I like knowing my family has a great start to their day. Most mornings my daughter and husband have oatmeal but now that it is warmer they aren’t so keen on having something warm in the morning. I came across a few recipes for breakfast cookies that didn’t quite have what I wanted and were not gluten free… so I thought I would try and create some of my own with a few nutritious and power packed ingredients. These are great to grab on the go and great for a mid morning snack. They are a soft cookie as they will not be crunchy when finished – can also add more banana to add more moisture. *If peanut butter is very runny, the batter will be a little runnier. Can add a bit more oatmeal if needed.
- 1 cup gluten free oats
- 1 tablespoon ground flax
- 2 -3 thawed bananas
- 2-3 tablesspoons of peanut butter (smooth)
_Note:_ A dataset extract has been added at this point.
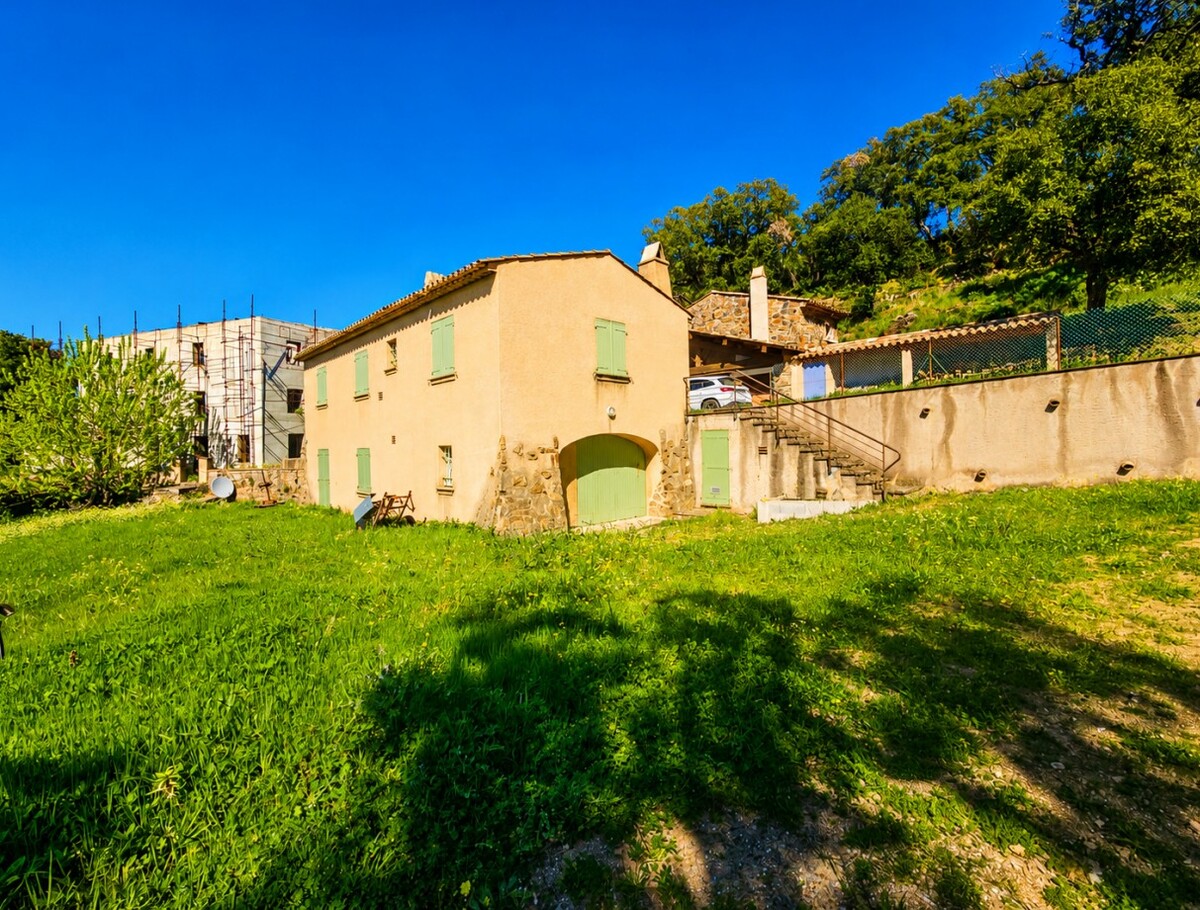 Maison - La Garde-Freinet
- ¼ cup of roasted unsalted sesame seeds.
- 1/4 cup of slices dried apricots or chocolate chips.
- ( honey to taste) I don’t add any sweetener as I prefer cutting out any extra already.
In a bowl, add the oats, flax and thawed bananas. Mix together thoroughly , add in the peanut butter, sesame seeds &optional ingredients ( if using). Blend completely so that all ingredients are mixed together well, but do not over blend.. Scoop onto parchment paper lined cookie sheet, flatten slightly and bake at 350 for 15 min. The cookies will be slightly browned and soft when done. Enjoy! What are some of your quick on the go breakfast options?